Whole genome sequencing is becoming cheaper over time, making it a more practical approach for detecting antibiotic resistance. Sequencing can, in theory, give you results in a matter of hours, rather than days. The mechanisms that drive resistance in these bacteria are coded in their DNA, meaning that a single test could tell us about resistance to a panel of antibiotics, and also give us other useful information, like whether the strain you’re infected with is on the rise, or is related to one that’s circulating in the hospital or community at the time.

We know that the information we need to find is in the DNA of these bacteria, but we don’t always know how to find it. That’s where machine learning could come in.

Promising machine learning studies have been coming out over the last few years, all claiming high accuracy in predicting resistance. But, it’s easier to achieve high accuracy under the controlled conditions of a scientific study than it is in the real world, so there’s still uncertainty around how well these algorithms will perform when challenged with clinical data.

Testing the robustness of ML models

This is a problem my colleagues and I are really interested in, and in a new paper out this month, we begin to explore the topic. The study looks at three machine learning approaches:

  • Set covering machine
  • Random forest classification
  • Random forest regression

We are looking into seven different collections of genome sequence data from N. gonorrhoeae, the bacteria that cause gonorrhoea, each collected in different locations with different sampling strategies.

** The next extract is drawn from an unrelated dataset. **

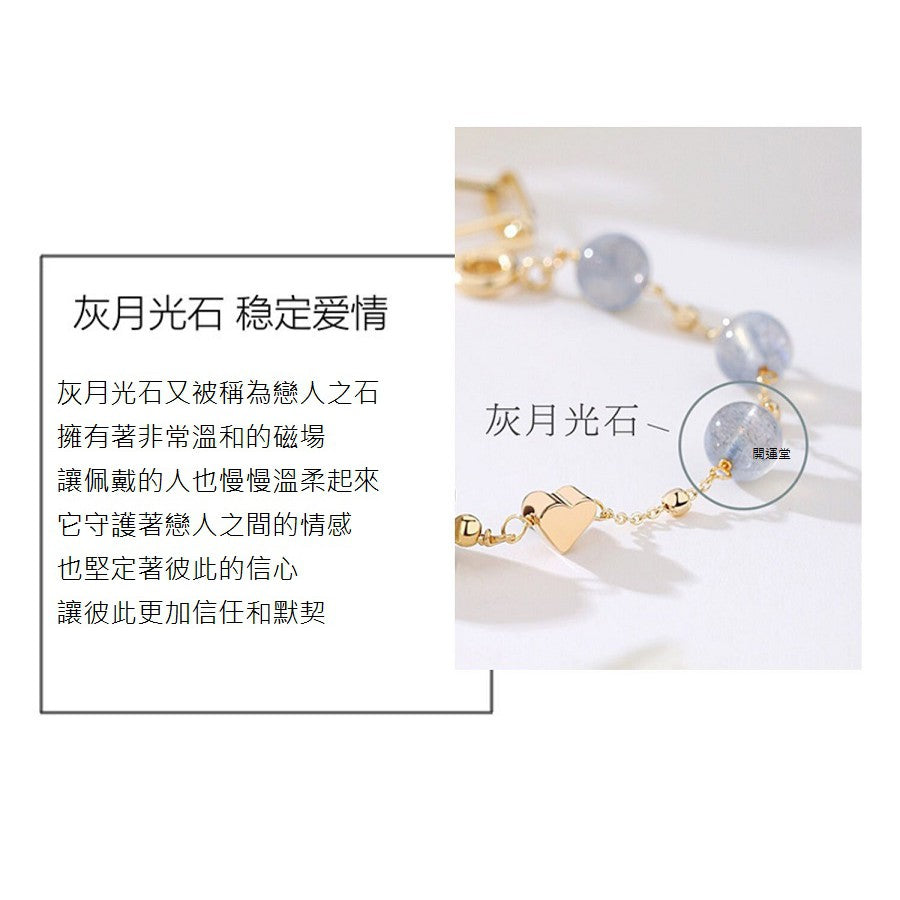🔥現貨🔥6mm天然灰月光石貔貅手鍊女轉運招財水晶手串INS小眾設計感生日禮物【開運堂】
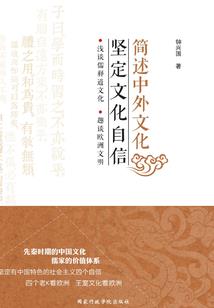 现代修真秘传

This study looked at resistance to ciprofloxacin (which has quite a simple mechanism of resistance) and azithromycin (where the mechanism of resistance is more complicated and less well understood). To process the genome sequence data into something the models could use, the genome sequences were broken up into 31-mers, chunks of the DNA that were 31 letters long. Hyper-parameters were tuned using 5-fold cross-validation.

While the ML methods did well with the simple resistance mechanism driving ciprofloxacin resistance, they didn’t do as well with the more complicated azithromycin resistance. This is a shame, since we can predict ciprofloxacin resistance with very high accuracy by looking for a single mutation (>98% sensitivity and >99% specificity). We were hoping ML could shed more light on azithromycin resistance. I’ve also found a similar thing with genome-wide association studies, an older technique more explicitly designed for figuring out what in the genome drives resistance — these methods are great at telling us what we already know, but not so great at shedding light on what we didn’t already know. In other words, if it’s historically been hard for humans to understand the genetics of a trait, it’s also difficult for these algorithms.

Performance of the different methods on predicting ciprofloxacin resistance (left) and azithromycin resistance (right) using two different clinical definitions of resistance (EUCAST and CLSI). Figure from this paper.

We see a lot of variability across antibiotics, species and methods in terms of model performance, and the major take-away from this project was that one approach does not suit all problems, even within this narrow problem space. This means that it’s not going to be straightforward to design a pipeline that we can send all of our clinical data through — a process needs to be in place to choose the right model for each problem.